My wife Barb told me the other day how happy she was that she had finally found Mr. Right, that one man who could strike joy in her heart every time he arrived at the door, who could solve all her problems and understand what she needed almost before she even knew it herself. “It seemed as though I spent most of my life looking for him,” she said, “and now he is here each time I call.”

            I was about to say, “Ah, shucks, Ma’am,” when she added, “I only wish we had found somebody like Eric years ago.”

            Eric?

            Eric is the young man that Barb’s sister Rue introduced us to some weeks back. A VMI English major who ended up through a rather circuitous route in the business of home renovations, Eric got caught like so many of us beneath the falling economy and, facing a drought of nice big renovating jobs, decided that he would do pretty much anything in the handyman field while he awaits the return of jobs and prosperity.

            “I think he can do anything around the house,” Rue had told us, and we quickly found out she was right.

            Our house was built in the early 1920s, and like every old house, there’s always something going belly-up in it.  For instance, for at least 20 years we’ve been tiptoeing around ancient bathroom sinks and toilets that Barb is totally unwilling to replace, even though a number of plumbers have shaken their heads over them time and again. “Can’t be fixed,” we’ve heard too many times to count, but we’ve nursed them along, though operating them has often involved a series of steps that you’d have to write down in a notebook for an overnight guest.
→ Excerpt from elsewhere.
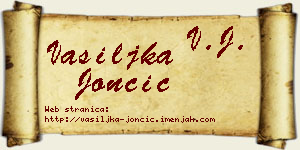 Vasiljka Jončić vizit kartica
            A month ago Eric tackled three bathrooms in one day, and all are still doing great. His success where others failed came, I think, from his willingness to put in the time and do whatever was necessary. When I came home from lunch the first day he was working, the commode in the master bath was sitting in the bathtub, and the tank had been removed from the wall (yes, the fixtures are so old that the tank is a separate unit). No one had ever gone that far before. By the time I got home at the end of the day, everything was back in place and operating perfectly. Plus, some long-loose tiles on the floor had been reglued and, I kid you not, the new shower curtain had been hung.

            I have a feeling this is the way things might have been years ago, maybe before I was born, when people needed jobs and took pride in their work.

            Over the next few weeks, Eric put up weather stripping, replaced a broken pipe in the basement, sealed the storm windows, replaced some cracked panes, fixed a light switch, closed up a hole in the basement wall, repaired a broken chair, reglued Barb’s grandma’s flower bench, patched a leak, repaired some shutters, rehung a gutter and, best of all, closed off the place way up near the eaves of the house where the possums had been strolling into the attic.

            “Now that I know he can do anything,” Barb told me, “I was thinking about asking if he could fix the broken zipper on your golfing pants.”

            I believe he could have done it.

            When the young man had finished everything we could find for him to do, he went across the street and fixed the malfunctioning windows (you know, the old kind with rope and pulleys) of a neighbor, and then went down the street and quickly solved the plumbing problem of an elderly gentleman who lives alone (no charge for that one).

            This week, Eric is working at our farm near Charlottesville, this time on a house built in the late 1880s.  The living room floor there has been sagging a bit, the perfect job for a man who lives and breathes old homes. Because that house rests on bricks with a dirt crawlspace as low as four to six inches in places, Eric is spending a lot of time scooting around on his back. Yesterday he succeeded in disturbing a hibernating black snake, who groggily went under another part of the house in response to a few well-placed rocks from Eric, who couldn’t really do much with his throwing arm in that tight a confine. In fact, at one point he said he got stuck and literally had to dig the dirt out from beneath before he could move forward or back.

            I’m pretty darned impressed that somebody who couldn’t be more than 30 has this kind of old-time gumption, determination and pride in his work, whatever the job might be. Maybe I thought that kind of attitude died with my father’s “greatest” generation.” 

            It’s been quite a nice experience finding out I was wrong.

            It’s also very nice to have commodes that flush on command.